What you will do: Every entry should be transcribed word for word, so that nothing is missing.

Data supplied below:

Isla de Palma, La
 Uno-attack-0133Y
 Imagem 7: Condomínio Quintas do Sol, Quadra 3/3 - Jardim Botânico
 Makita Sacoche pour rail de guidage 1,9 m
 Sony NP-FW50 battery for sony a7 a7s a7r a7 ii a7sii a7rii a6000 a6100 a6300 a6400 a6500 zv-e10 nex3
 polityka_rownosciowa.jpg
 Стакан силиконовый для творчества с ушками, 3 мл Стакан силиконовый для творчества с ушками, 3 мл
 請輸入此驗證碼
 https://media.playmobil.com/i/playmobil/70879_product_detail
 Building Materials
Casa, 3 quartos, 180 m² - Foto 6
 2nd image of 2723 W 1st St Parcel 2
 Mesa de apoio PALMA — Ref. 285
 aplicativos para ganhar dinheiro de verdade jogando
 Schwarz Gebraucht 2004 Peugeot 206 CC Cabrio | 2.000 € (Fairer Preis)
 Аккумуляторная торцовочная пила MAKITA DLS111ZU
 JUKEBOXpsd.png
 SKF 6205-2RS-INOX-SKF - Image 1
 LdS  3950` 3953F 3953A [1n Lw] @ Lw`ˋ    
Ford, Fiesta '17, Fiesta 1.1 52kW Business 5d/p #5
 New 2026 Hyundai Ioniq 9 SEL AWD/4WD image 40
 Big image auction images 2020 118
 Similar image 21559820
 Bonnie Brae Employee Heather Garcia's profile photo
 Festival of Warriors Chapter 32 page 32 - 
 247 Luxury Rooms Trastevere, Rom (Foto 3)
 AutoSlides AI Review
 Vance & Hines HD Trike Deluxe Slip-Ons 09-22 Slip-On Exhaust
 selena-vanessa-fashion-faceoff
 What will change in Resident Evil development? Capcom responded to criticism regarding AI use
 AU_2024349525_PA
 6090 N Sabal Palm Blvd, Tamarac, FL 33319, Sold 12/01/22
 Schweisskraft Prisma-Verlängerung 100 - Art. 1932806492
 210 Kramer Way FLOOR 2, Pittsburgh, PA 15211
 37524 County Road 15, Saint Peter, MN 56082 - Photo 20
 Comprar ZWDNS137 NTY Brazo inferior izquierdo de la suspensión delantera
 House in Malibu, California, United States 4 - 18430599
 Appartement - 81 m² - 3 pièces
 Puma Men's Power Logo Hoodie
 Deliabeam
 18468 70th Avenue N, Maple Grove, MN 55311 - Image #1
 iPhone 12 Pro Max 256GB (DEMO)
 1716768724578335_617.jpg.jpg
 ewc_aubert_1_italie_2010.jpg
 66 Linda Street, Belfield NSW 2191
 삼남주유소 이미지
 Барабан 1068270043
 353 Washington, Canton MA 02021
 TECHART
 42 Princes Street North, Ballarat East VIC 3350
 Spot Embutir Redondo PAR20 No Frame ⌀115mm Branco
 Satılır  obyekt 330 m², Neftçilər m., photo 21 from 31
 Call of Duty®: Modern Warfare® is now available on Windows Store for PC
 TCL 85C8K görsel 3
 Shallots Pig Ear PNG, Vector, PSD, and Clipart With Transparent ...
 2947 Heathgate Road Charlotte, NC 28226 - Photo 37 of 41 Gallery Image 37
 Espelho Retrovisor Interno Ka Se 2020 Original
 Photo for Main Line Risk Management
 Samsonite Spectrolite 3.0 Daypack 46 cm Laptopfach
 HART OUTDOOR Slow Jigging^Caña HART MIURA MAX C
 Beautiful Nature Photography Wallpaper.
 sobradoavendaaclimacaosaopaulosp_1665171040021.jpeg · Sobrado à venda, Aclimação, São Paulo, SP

End of Data supplied.

Solution for this problem:
Isla de Palma, La
 Uno-attack-0133Y
 Imagem 7: Condomínio Quintas do Sol, Quadra 3/3 - Jardim Botânico
 Makita Sacoche pour rail de guidage 1,9 m
 Sony NP-FW50 battery for sony a7 a7s a7r a7 ii a7sii a7rii a6000 a6100 a6300 a6400 a6500 zv-e10 nex3
 polityka_rownosciowa.jpg
 Стакан силиконовый для творчества с ушками, 3 мл Стакан силиконовый для творчества с ушками, 3 мл
 請輸入此驗證碼
 https://media.playmobil.com/i/playmobil/70879_product_detail
 Building Materials
Casa, 3 quartos, 180 m² - Foto 6
 2nd image of 2723 W 1st St Parcel 2
 Mesa de apoio PALMA — Ref. 285
 aplicativos para ganhar dinheiro de verdade jogando
 Schwarz Gebraucht 2004 Peugeot 206 CC Cabrio | 2.000 € (Fairer Preis)
 Аккумуляторная торцовочная пила MAKITA DLS111ZU
 JUKEBOXpsd.png
 SKF 6205-2RS-INOX-SKF - Image 1
 LdS  3950` 3953F 3953A [1n Lw] @ Lw`ˋ    
Ford, Fiesta '17, Fiesta 1.1 52kW Business 5d/p #5
 New 2026 Hyundai Ioniq 9 SEL AWD/4WD image 40
 Big image auction images 2020 118
 Similar image 21559820
 Bonnie Brae Employee Heather Garcia's profile photo
 Festival of Warriors Chapter 32 page 32 - 
 247 Luxury Rooms Trastevere, Rom (Foto 3)
 AutoSlides AI Review
 Vance & Hines HD Trike Deluxe Slip-Ons 09-22 Slip-On Exhaust
 selena-vanessa-fashion-faceoff
 What will change in Resident Evil development? Capcom responded to criticism regarding AI use
 AU_2024349525_PA
 6090 N Sabal Palm Blvd, Tamarac, FL 33319, Sold 12/01/22
 Schweisskraft Prisma-Verlängerung 100 - Art. 1932806492
 210 Kramer Way FLOOR 2, Pittsburgh, PA 15211
 37524 County Road 15, Saint Peter, MN 56082 - Photo 20
 Comprar ZWDNS137 NTY Brazo inferior izquierdo de la suspensión delantera
 House in Malibu, California, United States 4 - 18430599
 Appartement - 81 m² - 3 pièces
 Puma Men's Power Logo Hoodie
 Deliabeam
 18468 70th Avenue N, Maple Grove, MN 55311 - Image #1
 iPhone 12 Pro Max 256GB (DEMO)
 1716768724578335_617.jpg.jpg
 ewc_aubert_1_italie_2010.jpg
 66 Linda Street, Belfield NSW 2191
 삼남주유소 이미지
 Барабан 1068270043
 353 Washington, Canton MA 02021
 TECHART
 42 Princes Street North, Ballarat East VIC 3350
 Spot Embutir Redondo PAR20 No Frame ⌀115mm Branco
 Satılır  obyekt 330 m², Neftçilər m., photo 21 from 31
 Call of Duty®: Modern Warfare® is now available on Windows Store for PC
 TCL 85C8K görsel 3
 Shallots Pig Ear PNG, Vector, PSD, and Clipart With Transparent ...
 2947 Heathgate Road Charlotte, NC 28226 - Photo 37 of 41 Gallery Image 37
 Espelho Retrovisor Interno Ka Se 2020 Original
 Photo for Main Line Risk Management
 Samsonite Spectrolite 3.0 Daypack 46 cm Laptopfach
 HART OUTDOOR Slow Jigging^Caña HART MIURA MAX C
 Beautiful Nature Photography Wallpaper.
 sobradoavendaaclimacaosaopaulosp_1665171040021.jpeg · Sobrado à venda, Aclimação, São Paulo, SP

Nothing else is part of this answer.